C'est une organisation classique en cas d’épidémie. Un travail de détection est mené avec l’ARS, on soigne et on isole les cas suspects, s'ils sont négatifs ils peuvent rentrer chez eux, s'ils sont positifs ils sont pris en charge dans des secteurs déterminés et isolés.

Une importante pénurie d'eau frappe Mayotte depuis mars dernier. Quelles sont les conséquences pour l’hôpital ?

Il n'y a pas eu de conséquences directes car nous avons été alimentés constamment en eau. Nous n'avons pas eu de coupures, ni à l'hôpital ni dans les centres périphériques. On a fait des réserves d'eau en bouteille pour les distribuer aux patients et au personnel. La crise de l'eau est aussi en train de se terminer, mais il est vrai qu’on a vécu une période de fragilisation des patients, notamment avec des enfants qui souffraient de diarrhées, mais personne n'est mort de soif.

Cette crise n’a fait qu’empirer une situation déjà compliquée pour l’hôpital, qui souffre particulièrement du manque de personnel médical…

Les professionnels de santé de l'hôpital ou les libéraux ont été ciblés sur les barrages, on ne sait pas trop pourquoi. Des propos extrêmement désagréables ont été tenus et certains professionnels n'ont pas supporté. Que la population ait du ressentiment contre le CHM parce qu'ils estiment qu'on est la voie d'entrée d'une immigration illégale, d’accord, mais je ne comprends pas qu'on s'en prenne aux soignants, ils y sont pour rien, ils font seulement leur travail. On est un hôpital public, on prend en charge tous les patients, sans distinction de sexe ou de nationalité ! Que les soignants se fassent agresser verbalement sur les barrages ou ailleurs est totalement incompréhensible. Un certain nombre de professionnels, médecins et infirmiers, ont décidé de démissionner et de quitter le territoire.

Jean-Mathieu Defour, directeur du Centre hospitalier de Mayotte ©Mayotte Hebdo

Ces démissions concernent beaucoup de soignants ?

Ces derniers jours, dans le service psychiatrie, dix infirmiers ont décidé de quitter Mayotte. Un certain nombre de médecins, qui devaient prendre un poste ici, nous ont annoncé qu'ils ne viendraient pas. Il faut savoir qu'avec cette crise des barrages, on a été obligé de mettre en place une cellule d'écoute psychologique pour les soignants de l'hôpital et pour les soignants libéraux. Il y a une certaine défiance d'une partie de la population envers les professionnels de santé.

Cette situation arrive alors que l'hôpital a déjà d'autres problèmes. Vous manquez de lits dans plusieurs services, les urgences sont surchargées.
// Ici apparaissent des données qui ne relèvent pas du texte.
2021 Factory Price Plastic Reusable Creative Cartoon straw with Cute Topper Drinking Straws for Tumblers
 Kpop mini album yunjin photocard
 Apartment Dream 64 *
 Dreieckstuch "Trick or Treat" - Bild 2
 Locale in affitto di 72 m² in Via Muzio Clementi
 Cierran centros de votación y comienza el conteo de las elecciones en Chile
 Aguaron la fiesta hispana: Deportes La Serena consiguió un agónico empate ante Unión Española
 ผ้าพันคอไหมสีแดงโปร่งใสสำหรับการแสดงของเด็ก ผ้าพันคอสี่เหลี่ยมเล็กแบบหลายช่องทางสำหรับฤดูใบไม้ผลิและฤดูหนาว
Quels sont les problèmes auxquels vous faites face, vous, au quotidien en tant que directeur d'hôpital ?

Le CHM est un hôpital qui a grandi trop vite, on a de plus en plus de patients mais on ne peut pas pousser les murs. On a besoin de plus de lits, c'est pour cela qu’on mène un projet de restructuration du centre hospitalier de Mayotte en parallèle de la construction d'un nouvel hôpital. Il y a aussi un problème d'insécurité, c'est très compliqué de garder les professionnels de santé qu’ils soient de métropole, des autres territoires ultramarins ou même originaires de Mayotte, ils préfèrent partir.

Est-ce qu'il y a des services qui sont particulièrement touchés par le manque de médecin ?

Globalement, tous les services de l'hôpital de Mayotte sont en difficulté parce qu'on manque de médecins, d’infirmiers, de sages-femmes mais aussi de professionnels spécialisés comme des manipulateurs radio ou des techniciens de laboratoires.

Qu’attendez-vous de la part de l’État pour vous aider à sortir de cette crise ?

L'hôpital sortira de la crise quand Mayotte sortira de la crise. Je rappelle que depuis 2023, on enchaîne les crises. Il y a eu Wuambushu (une opération lancée contre l’habitat illégal insalubre, l’insécurité et l’immigration clandestine, NDLR), puis la crise de l'eau et une remontée de l'insécurité. Ensuite, les barrages et maintenant on se prépare à une épidémie de choléra. Un hôpital ne peut pas fonctionner en mode crise aussi longtemps car au bout d'un certain temps, les professionnels s'épuisent.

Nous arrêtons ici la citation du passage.